▶ [YOUR GOAL] Write only how many lines in this data include "tableau".

[DATA RECORDS]

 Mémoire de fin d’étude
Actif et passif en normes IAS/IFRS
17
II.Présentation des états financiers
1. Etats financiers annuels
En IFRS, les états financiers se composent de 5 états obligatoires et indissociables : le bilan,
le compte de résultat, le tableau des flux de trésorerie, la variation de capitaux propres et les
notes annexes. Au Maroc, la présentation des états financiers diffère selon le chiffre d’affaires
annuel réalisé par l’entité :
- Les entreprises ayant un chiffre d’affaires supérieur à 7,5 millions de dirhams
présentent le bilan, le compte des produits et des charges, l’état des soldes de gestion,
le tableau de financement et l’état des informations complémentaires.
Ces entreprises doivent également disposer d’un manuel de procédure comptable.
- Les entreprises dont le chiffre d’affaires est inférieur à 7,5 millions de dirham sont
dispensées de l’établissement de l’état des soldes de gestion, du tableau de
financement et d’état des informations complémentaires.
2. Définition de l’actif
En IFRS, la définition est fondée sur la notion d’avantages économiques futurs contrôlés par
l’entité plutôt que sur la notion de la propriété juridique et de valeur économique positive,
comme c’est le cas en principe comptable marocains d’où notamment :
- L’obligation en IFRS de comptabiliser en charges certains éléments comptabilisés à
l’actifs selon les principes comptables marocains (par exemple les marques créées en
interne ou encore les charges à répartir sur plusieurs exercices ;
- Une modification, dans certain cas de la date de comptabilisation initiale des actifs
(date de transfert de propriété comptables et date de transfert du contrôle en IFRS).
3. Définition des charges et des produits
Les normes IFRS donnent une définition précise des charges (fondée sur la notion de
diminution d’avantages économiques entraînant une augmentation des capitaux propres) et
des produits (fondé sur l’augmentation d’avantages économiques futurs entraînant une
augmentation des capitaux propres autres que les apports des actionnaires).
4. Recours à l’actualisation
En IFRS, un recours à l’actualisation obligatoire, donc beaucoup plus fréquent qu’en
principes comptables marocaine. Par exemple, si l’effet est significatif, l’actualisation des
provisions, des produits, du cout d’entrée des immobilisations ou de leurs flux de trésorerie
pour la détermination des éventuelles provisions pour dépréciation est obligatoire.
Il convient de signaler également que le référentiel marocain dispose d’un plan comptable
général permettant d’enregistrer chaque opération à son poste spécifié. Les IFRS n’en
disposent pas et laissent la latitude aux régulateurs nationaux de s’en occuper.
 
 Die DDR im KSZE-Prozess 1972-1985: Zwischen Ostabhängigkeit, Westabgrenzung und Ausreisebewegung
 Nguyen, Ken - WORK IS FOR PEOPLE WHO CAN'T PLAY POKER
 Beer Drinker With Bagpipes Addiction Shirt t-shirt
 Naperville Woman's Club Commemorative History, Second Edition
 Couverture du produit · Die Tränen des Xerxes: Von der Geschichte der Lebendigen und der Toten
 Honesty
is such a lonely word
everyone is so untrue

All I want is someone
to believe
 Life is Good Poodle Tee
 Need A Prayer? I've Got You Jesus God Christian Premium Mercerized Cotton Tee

[/DATA RECORDS]
[DATA RECORDS]

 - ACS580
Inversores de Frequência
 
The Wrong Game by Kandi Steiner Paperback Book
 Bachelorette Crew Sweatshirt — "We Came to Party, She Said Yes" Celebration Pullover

[/DATA RECORDS]

▶ [TASK SOLUTION] 3